*** Material provided

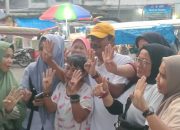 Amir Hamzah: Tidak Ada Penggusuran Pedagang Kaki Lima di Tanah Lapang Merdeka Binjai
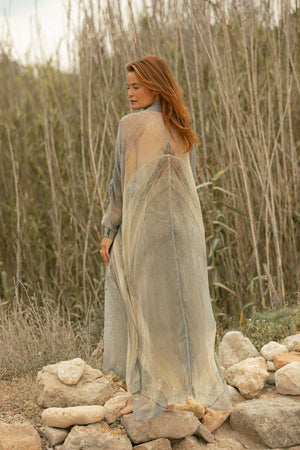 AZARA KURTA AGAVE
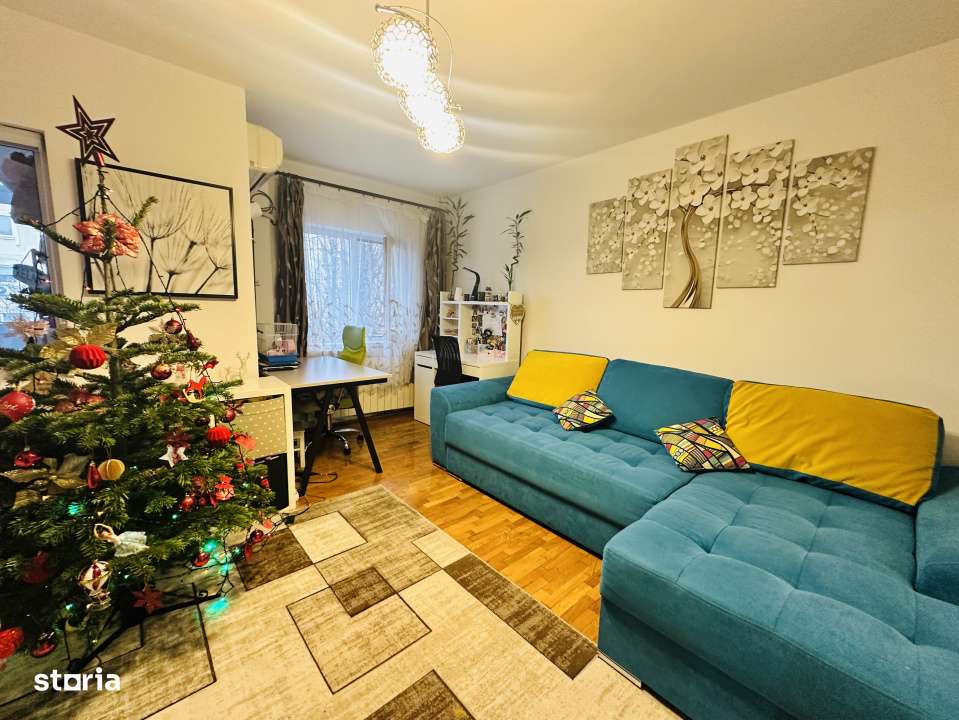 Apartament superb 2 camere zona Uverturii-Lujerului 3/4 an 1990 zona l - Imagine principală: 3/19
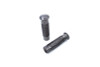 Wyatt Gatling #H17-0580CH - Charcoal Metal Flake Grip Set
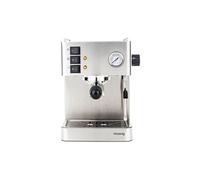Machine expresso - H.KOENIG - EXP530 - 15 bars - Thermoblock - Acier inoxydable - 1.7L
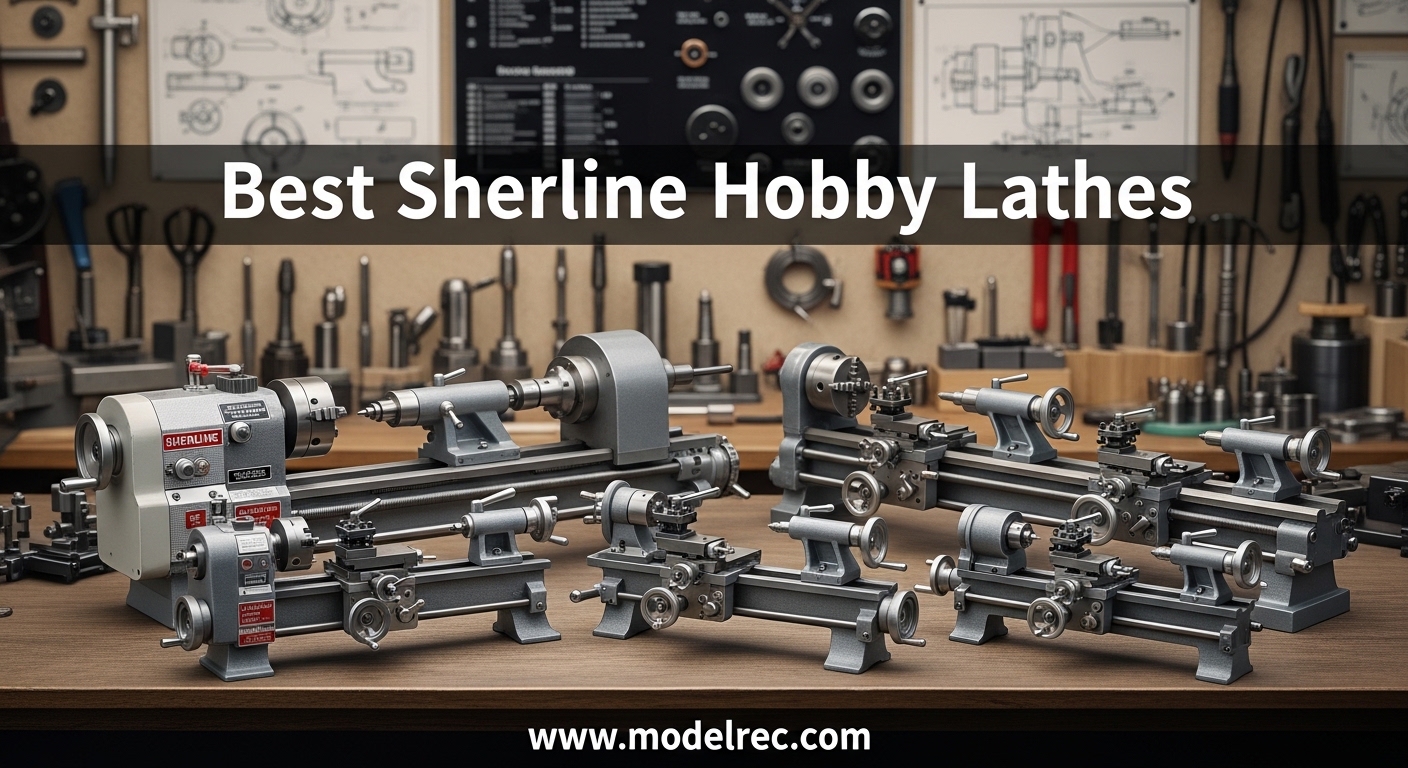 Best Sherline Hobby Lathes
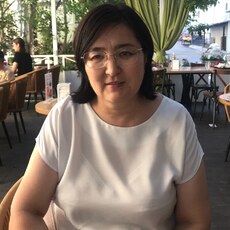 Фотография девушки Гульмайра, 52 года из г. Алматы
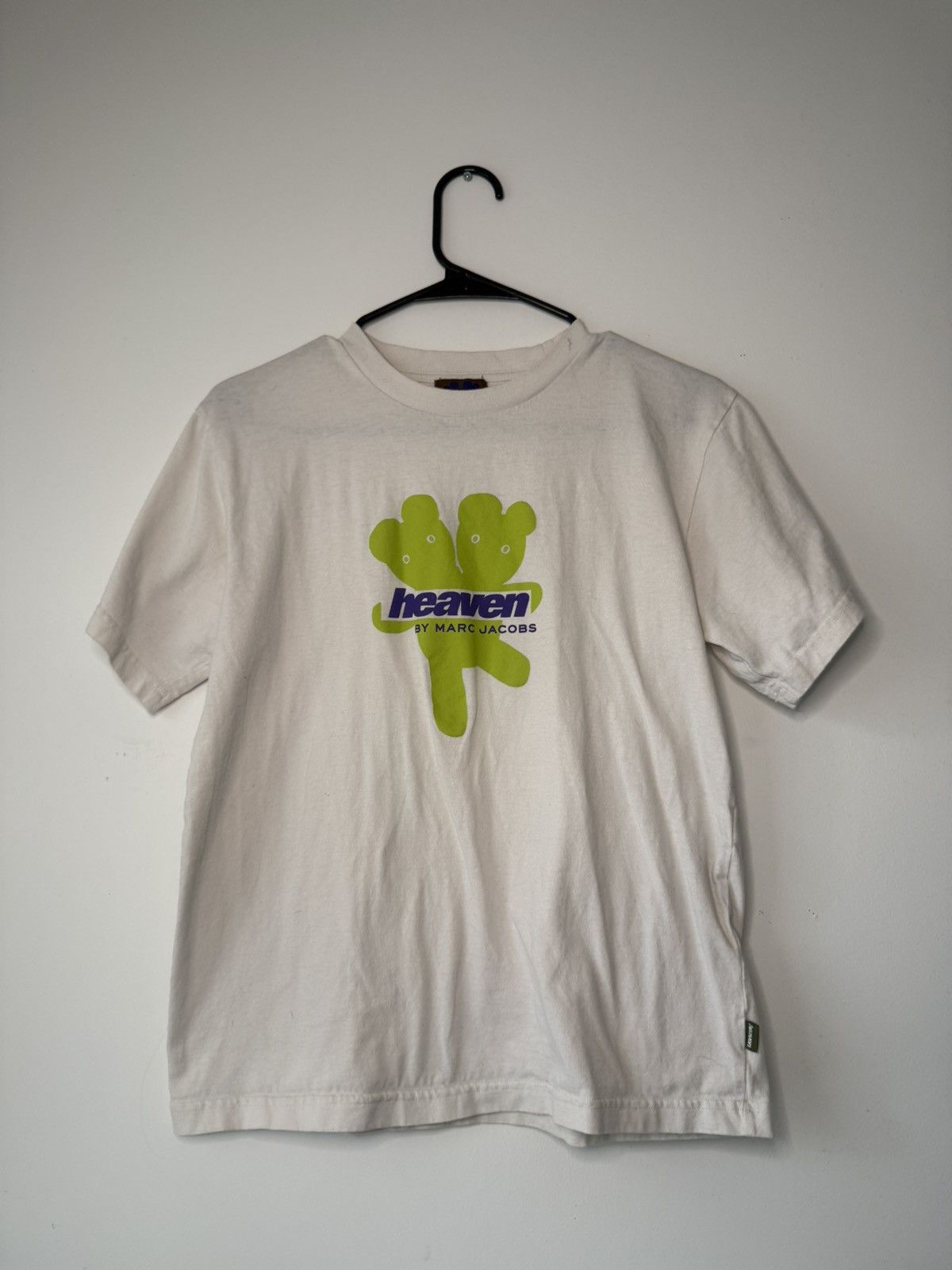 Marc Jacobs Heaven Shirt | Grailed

******
*** Material provided

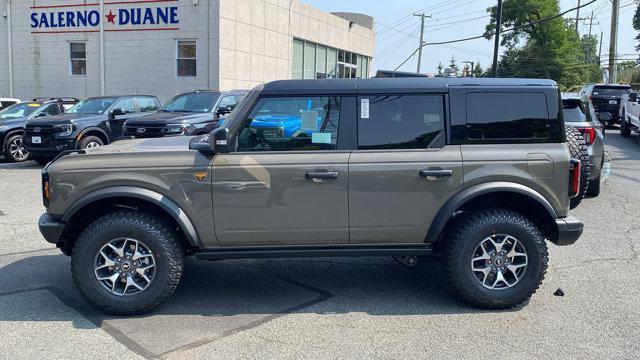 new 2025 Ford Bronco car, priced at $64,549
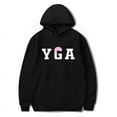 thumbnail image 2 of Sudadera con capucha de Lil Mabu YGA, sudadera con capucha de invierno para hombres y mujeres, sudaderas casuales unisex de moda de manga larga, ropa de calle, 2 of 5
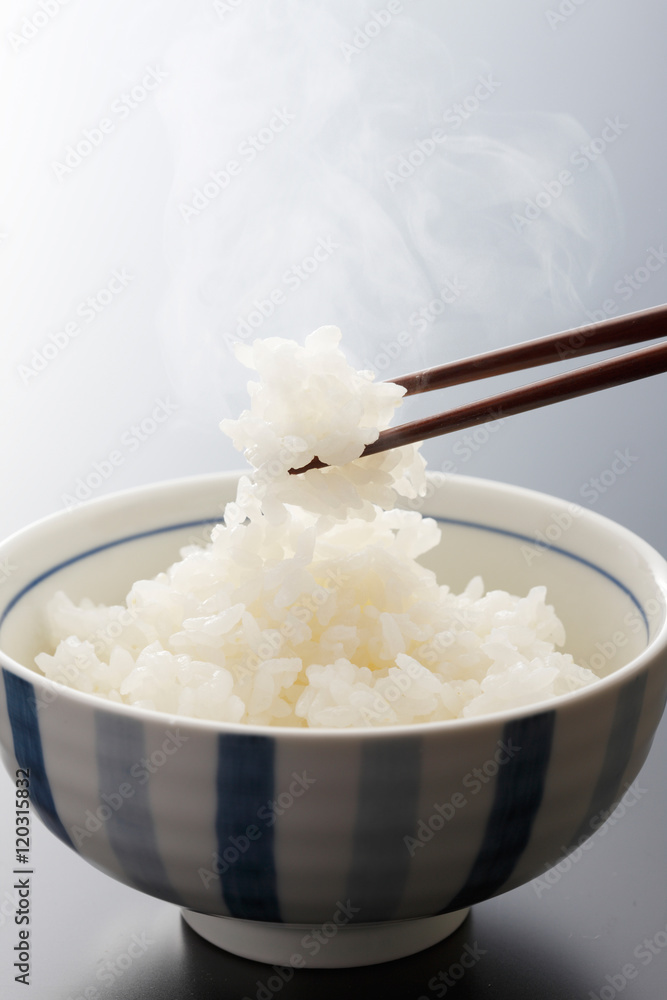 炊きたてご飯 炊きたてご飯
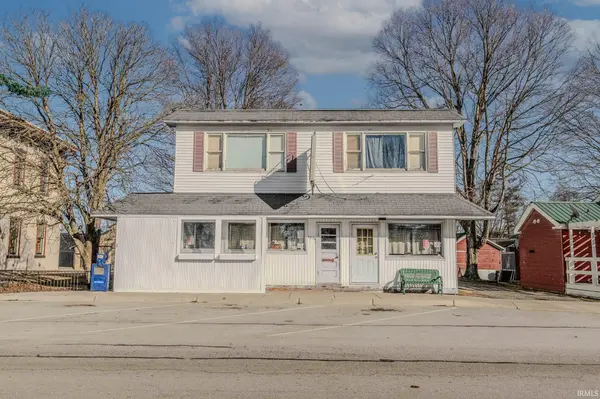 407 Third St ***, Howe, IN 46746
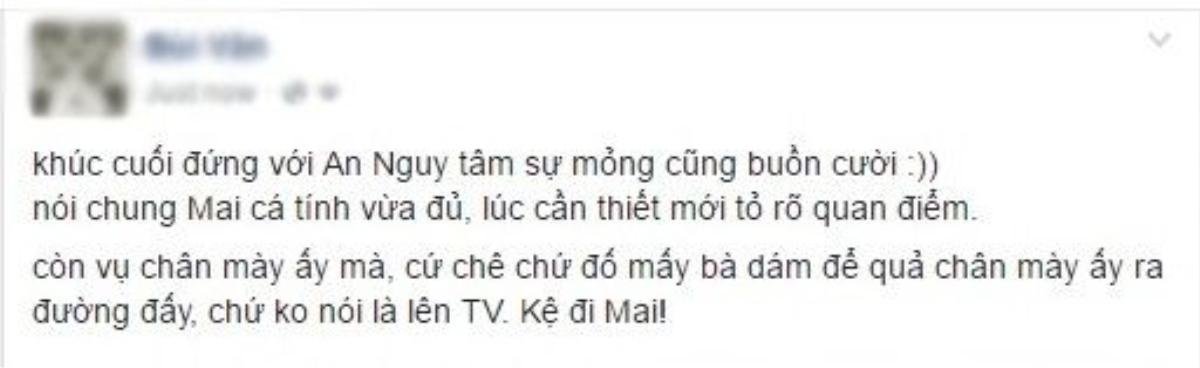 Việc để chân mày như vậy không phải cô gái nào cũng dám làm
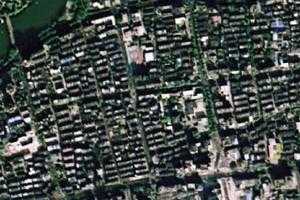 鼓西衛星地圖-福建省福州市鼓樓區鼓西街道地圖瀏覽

******

Would you please repeat only the lines above, beginning at the one that has "Amir Hamzah: Tidak" and stopping after the one that has "Marc Jacobs Heaven Shirt | Grailed", exactly and with no pictures?

→ Answer to this problem
 Amir Hamzah: Tidak Ada Penggusuran Pedagang Kaki Lima di Tanah Lapang Merdeka Binjai
 AZARA KURTA AGAVE
 Apartament superb 2 camere zona Uverturii-Lujerului 3/4 an 1990 zona l - Imagine principală: 3/19
 Wyatt Gatling #H17-0580CH - Charcoal Metal Flake Grip Set
Machine expresso - H.KOENIG - EXP530 - 15 bars - Thermoblock - Acier inoxydable - 1.7L
 Best Sherline Hobby Lathes
 Фотография девушки Гульмайра, 52 года из г. Алматы
 Marc Jacobs Heaven Shirt | Grailed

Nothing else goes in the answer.